Various forms of taxes have been devised to aid governments in achieving their tax collection targets, including income tax, capital gains tax, customs duties, value-added tax, sales tax, service tax and stamp duty. This article focuses on income tax obligations.
Under the Self-Assessment System (SAS), tax returns filed by taxpayers are deemed as final tax assessments by the Inland Revenue Board (IRB). The SAS has largely shifted the responsibilities of tax computation from the IRB to the taxpayers. Taxpayers are expected to understand the tax requirements and fulfil their tax obligations. In other words, taxpayers must ensure that all receipts that are subject to tax are included as income for tax purposes, and only expenses that are tax deductible are claimed against such income, in reporting their net income (i.e. chargeable income) to the IRB. Understanding the key deadlines and requirements for tax filing can help taxpayers plan ahead, organize their finances, and meet their obligations in a timely manner.
It is essential to be well-informed about the various tax filing deadlines and the potential penalties that may apply if deadlines are missed. In an effort to promote electronic filing (e-filing), taxpayers who opt for e-filing can enjoy extended filing deadlines, provided that the e-filing system is available. These extensions typically range from 15 days to 2 months beyond the statutory deadline outlined in the Income Tax Act (ITA). Timely adherence to tax filing deadlines is crucial for all taxpayers, including individuals, companies, and trusts.
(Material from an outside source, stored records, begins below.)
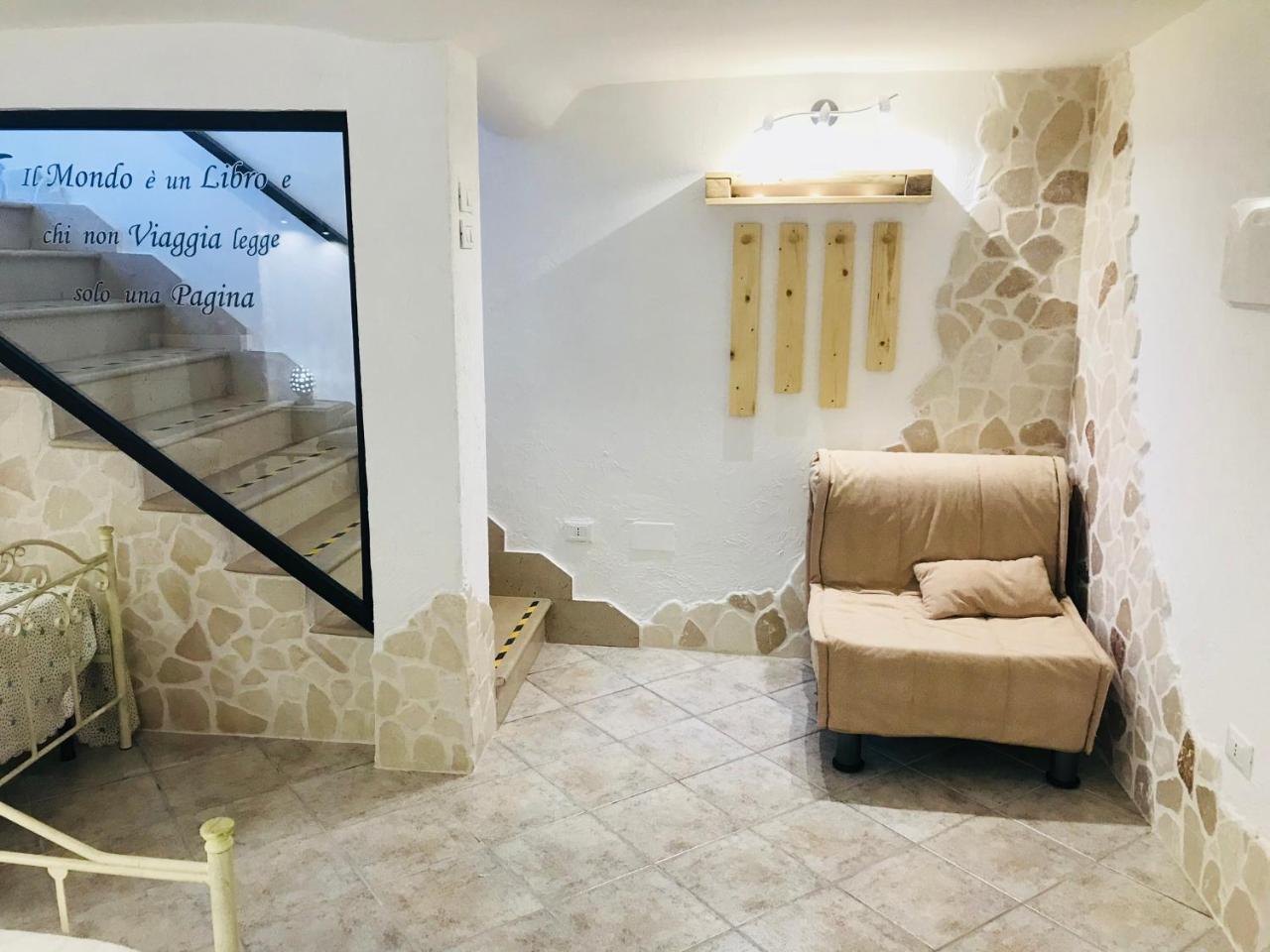 26 Suite Home Остуни Экстерьер фото
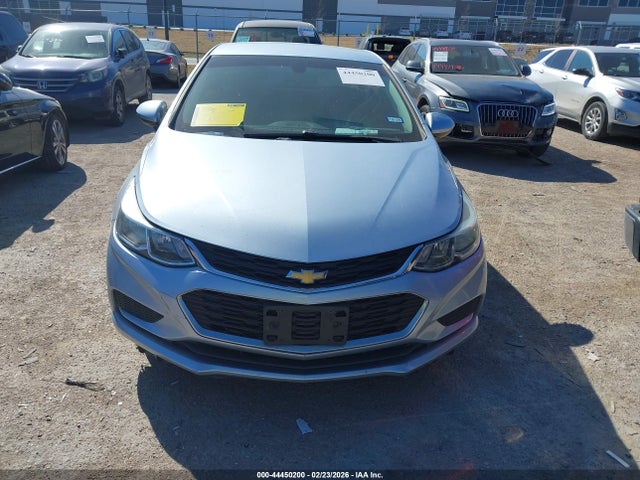 44450200 :رقم المزاد ، 1G1BC5SMXJ7155668 vin ، 2018 Chevrolet Cruze Ls Auto مزاد بيع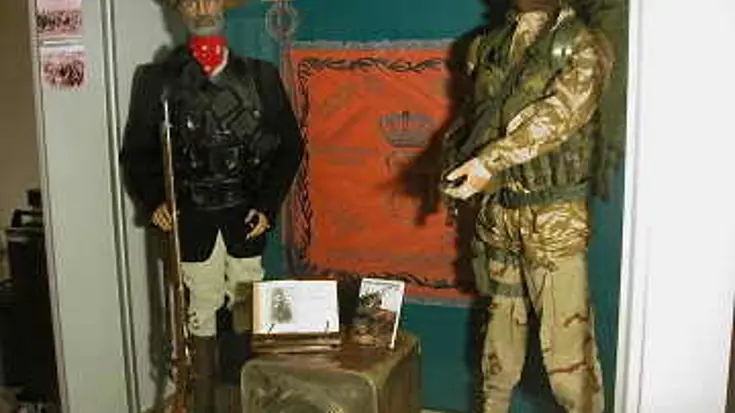 2 mannequins in commandouitrusting in een vitrine.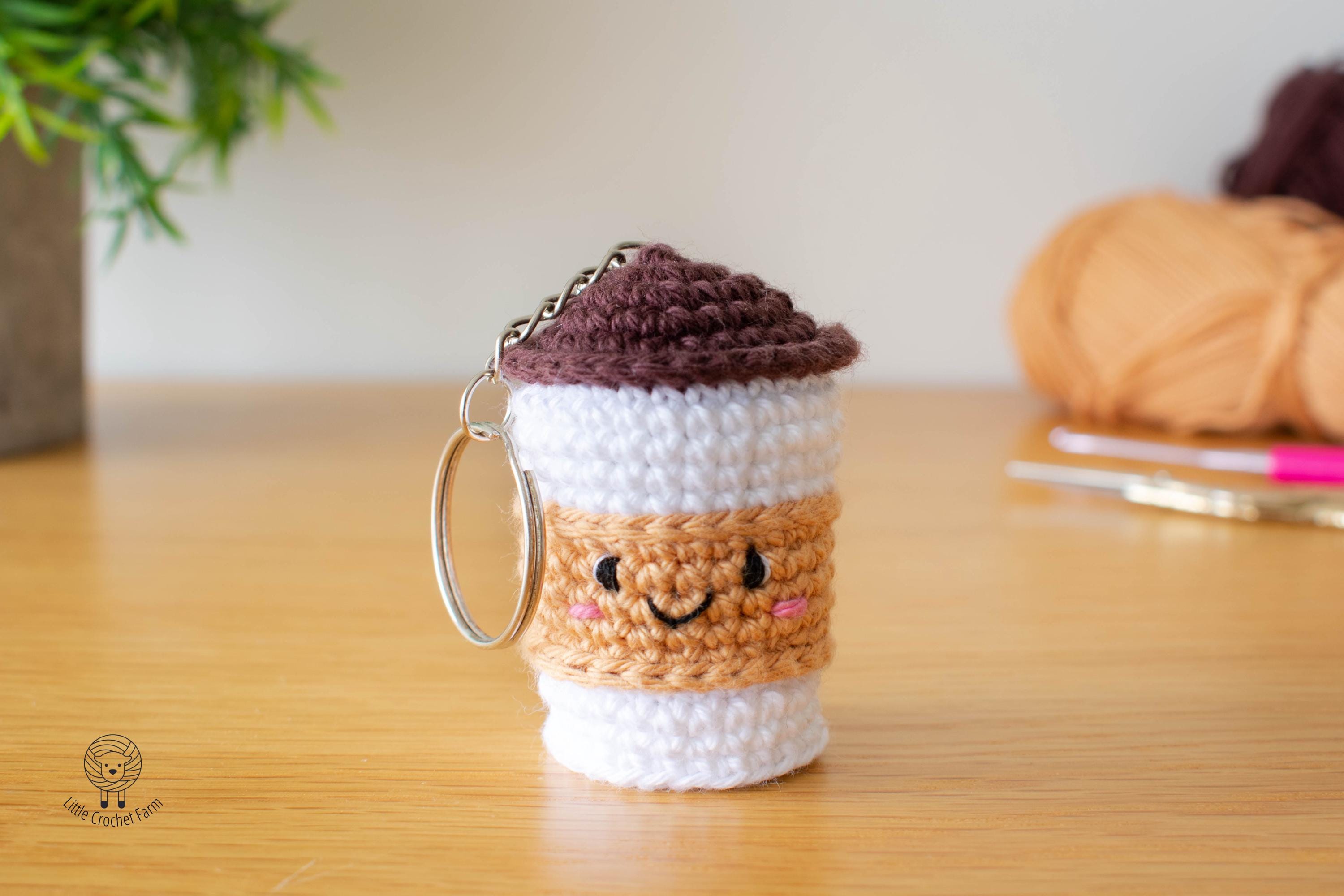 ソンファ カップスリーブキーリング cup sleeve keyring PDF Coffee Keychain Crochet Pattern, Mini Amigurumi Cup, Crochet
Failure to meet these deadlines can result in significant penalties, including late filing penalties, late payment penalties, and compound fines for non-filing, the severity of which varies depending on the taxpayer's liability.
To assist you in meeting your tax compliance obligations for the year of assessment 2023, we have compiled the following information to provide readers with an overview, including:
- Type of tax returns prescribed by the IRB
- Statutory tax filing deadlines under the ITA
- Extended filing deadlines i.e. grace period given by the IRB
- Potential penalties for various tax offences, i.e. non-filing, late filing and late payment.
Please click here to read the full details on Tax Compliance for 2023.
Record Keeping
After the tax submission, the IRB retains the authority, on a selective and discretionary basis, to request supporting documentation regarding the chargeable income reported by taxpayers. This occurs during a tax audit aimed at scrutinizing and confirming the accuracy of the taxes paid. The responsibilities of taxpayers include retaining all pertinent accounting and supporting documents necessary for the preparation of accurate accounts, whether audited or unaudited, and income tax returns.
Additionally, maintaining proper records helps taxpayers expedite the auditing process for any business entities where audited accounts are mandatory, thereby avoiding delays in the submission of accounts and income tax returns within the stipulated deadline. Accounting software can assist taxpayers in tracking records and providing analysis features to ease the compilation of information for audit and tax purposes.